- **Task description**
Output nothing but the lines from the first line of the listing below through the line containing "Welcome to C-Docs", printed exactly and free of pictures.

- **Recorded information**
[Start of Attachment]
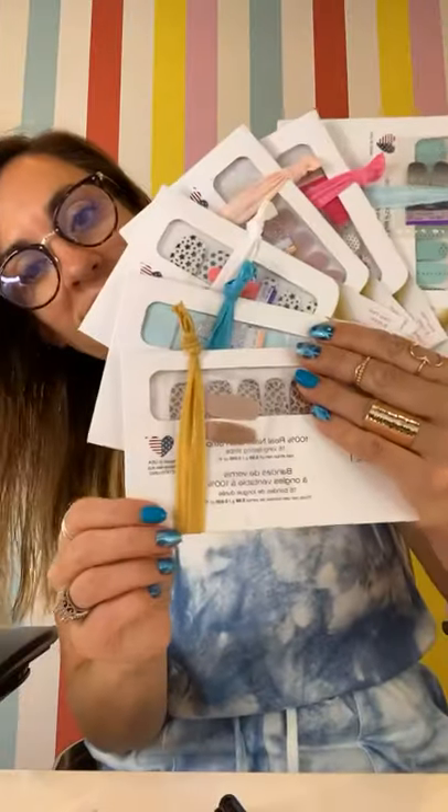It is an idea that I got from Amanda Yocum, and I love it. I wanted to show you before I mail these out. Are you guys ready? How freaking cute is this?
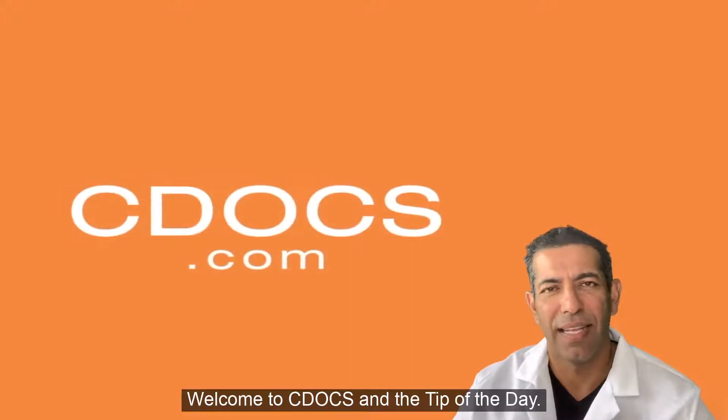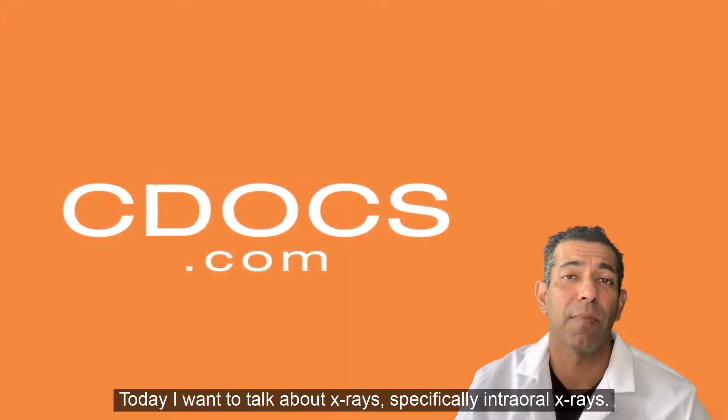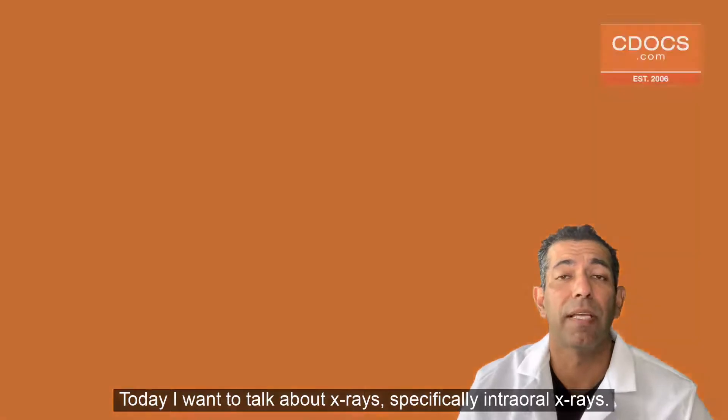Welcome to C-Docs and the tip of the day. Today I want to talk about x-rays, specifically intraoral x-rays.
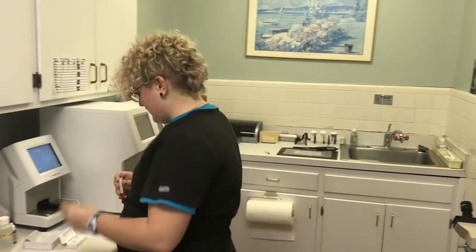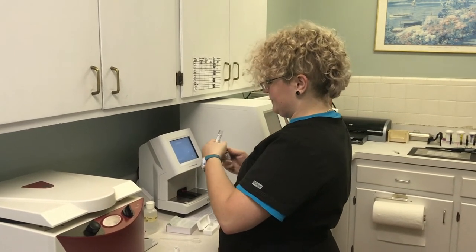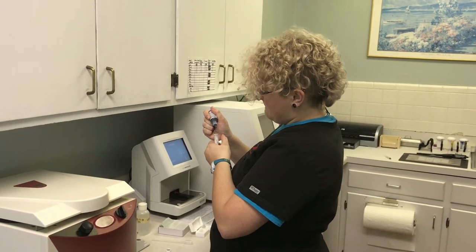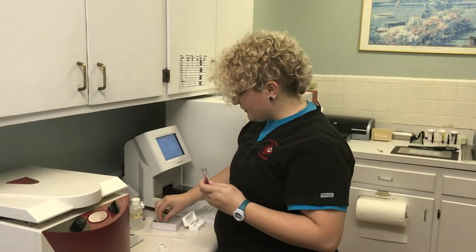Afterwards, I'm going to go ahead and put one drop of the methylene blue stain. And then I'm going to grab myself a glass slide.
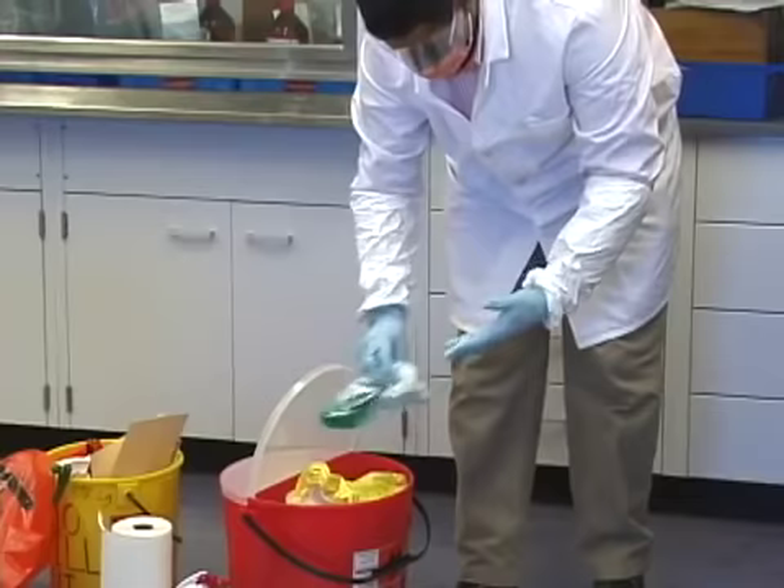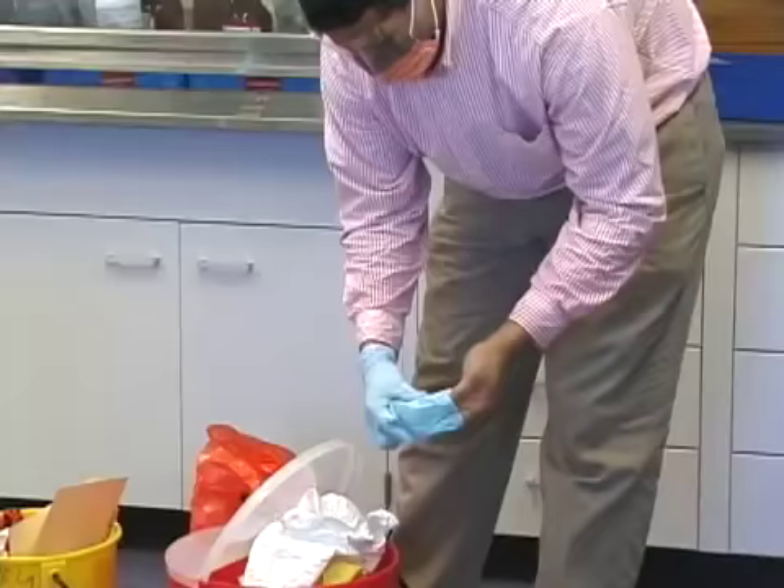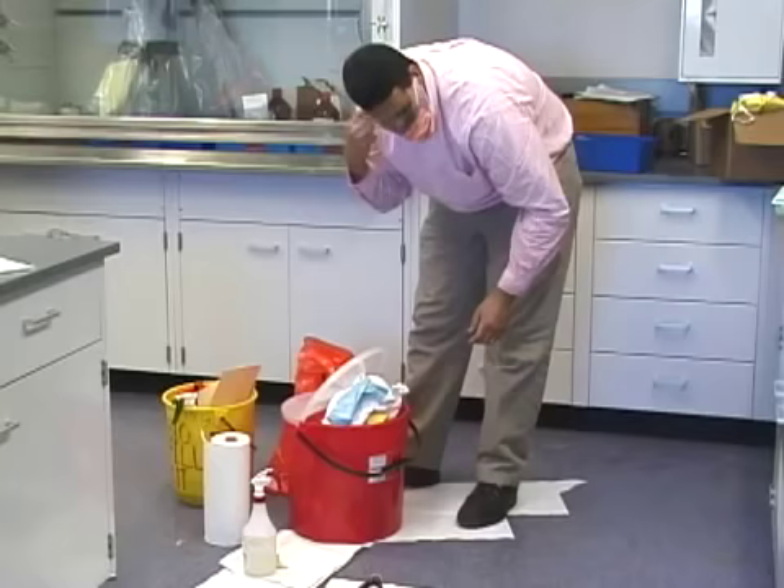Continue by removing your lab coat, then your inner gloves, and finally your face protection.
[End of Attachment]
- **Output for this exercise**
It is an idea that I got from Amanda Yocum, and I love it. I wanted to show you before I mail these out. Are you guys ready? How freaking cute is this?
Welcome to C-Docs and the tip of the day. Today I want to talk about x-rays, specifically intraoral x-rays.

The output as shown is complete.